Stored data:
########################################

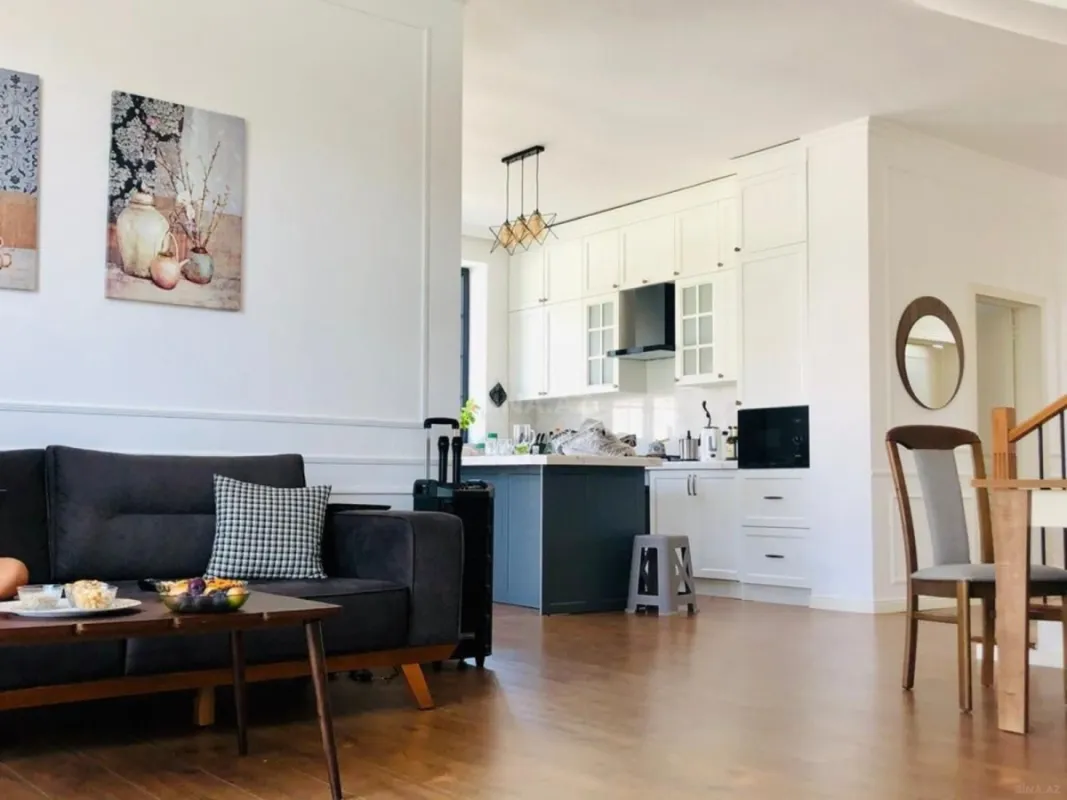 Kirayə verilir 6 otaqlı həyət evi 320 m²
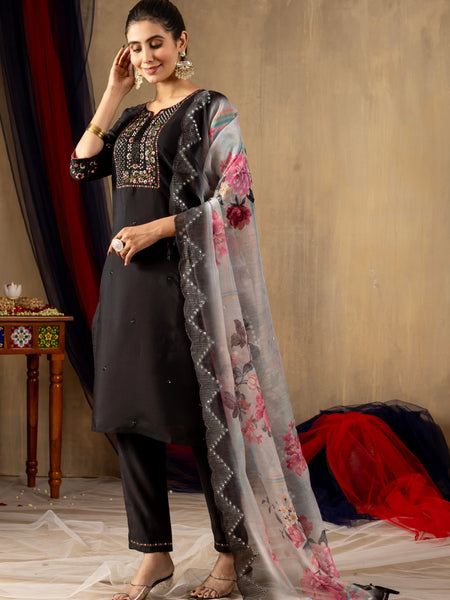 Elegant Straight Kurti Pant Dupatta Set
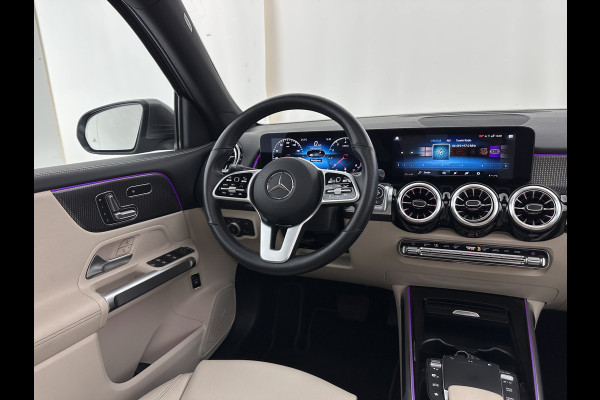 Mercedes-Benz Glb 180 Business Solution (INCL-BTW) *PANO | ADAPTIVE-CRUISE | LEATHER | FULL-LED | BLINDSPOT | MEMORY-PACK | AMBIENTLIGHT | HEATED-SPORTSEATS | WIDESCREEN-DIGICOCKPIT | DAB+ | NAVI-FULLMAP | CAMERA | PRIVACYGLASS |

########################################

Instructions to follow: All the lines above are to be reproduced exactly, except the pictures.

Expected answer:
 Kirayə verilir 6 otaqlı həyət evi 320 m²
 Elegant Straight Kurti Pant Dupatta Set
 Mercedes-Benz Glb 180 Business Solution (INCL-BTW) *PANO | ADAPTIVE-CRUISE | LEATHER | FULL-LED | BLINDSPOT | MEMORY-PACK | AMBIENTLIGHT | HEATED-SPORTSEATS | WIDESCREEN-DIGICOCKPIT | DAB+ | NAVI-FULLMAP | CAMERA | PRIVACYGLASS |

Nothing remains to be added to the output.